The session store can be retrieved from the Twitter shared instance.
// Objective-C
TWTRSessionStore *store = [[Twitter sharedInstance] sessionStore];
// Swift
let store = TWTRTwitter.sharedInstance().sessionStore
Once you have the session store you can retrieve the last saved session, all existing sessions or a specific session.
// Objective-C
TWTRSessionStore *store = [[Twitter sharedInstance] sessionStore];
TWTRSession *lastSession = store.session;
NSArray *sessions = [store existingUserSessions];
TWTRSession *specificSession = [store sessionForUserID:@"123"];
// Swift
let store = TWTRTwitter.sharedInstance().sessionStore
let lastSession = store.session()
let sessions = store.existingUserSessions()
let specificSession = store.sessionForUserID("123")
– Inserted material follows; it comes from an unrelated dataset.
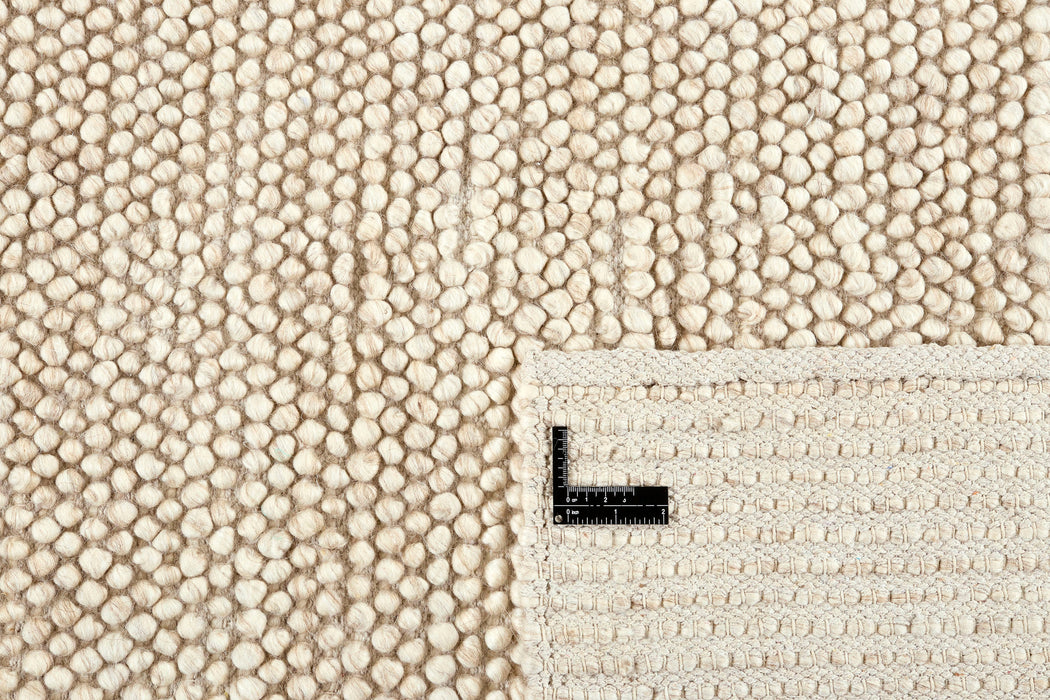 Bubbles tæppe - Beige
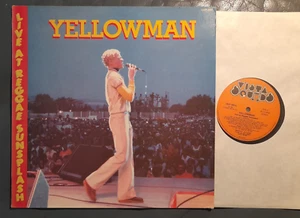 LP YELLOWMAN Live At Reggae Sunsplash VISTA SOUNDS (UK, 1983) TOMMY McCOOK - Foto 1 di 2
When you call any of the log in methods on the Twitter instance the session will automatically be stored in the session store for you. This means that applications can manage multiple sessions at the same by calling any of the log in methods and having the user log in with a different account. The session will be returned from the login methods allowing developers to know which user has logged in.
// Objective-C
[[Twitter sharedInstance] logInWithCompletion:^(TWTRSession *session, NSError *error) {
if (session) {
NSLog(@"logged in user with id %@", session.userID);
} else {
// log error
}
}];
//Swift
TWTRTwitter.sharedInstance().logIn {(session, error) in
if let s = session {
print("logged in user with id \(session.userID)")
} else {
// log error
}
}
Since the session store can manage multiple user sessions developers will need to specify which session they would like to log out. Most developers will only need to worry about the single session unless they are managing multiple users.
// Objective-C
TWTRSessionStore *store = [[Twitter sharedInstance] sessionStore];
NSString *userID = store.session.userID;
[store logOutUserID:userID];
// Swift
let store = TWTRTwitter.sharedInstance().sessionStore
if let userID = store.session()?.userID {
store.logOutUserID(userID)
}
Many apps already have Twitter integration, including existing
authentication tokens. In this case, you can use the
-[TWTRSessionStore saveSessionWithAuthToken:authTokenSecret:completion:]
method to use the tokens you already have with the Twitter Kit SDK. This
may become particularly useful when using the
showActionButtons
property on
TWTRTweetView
so that users will not have to go through
the login flow again when attempting to favorite Tweets.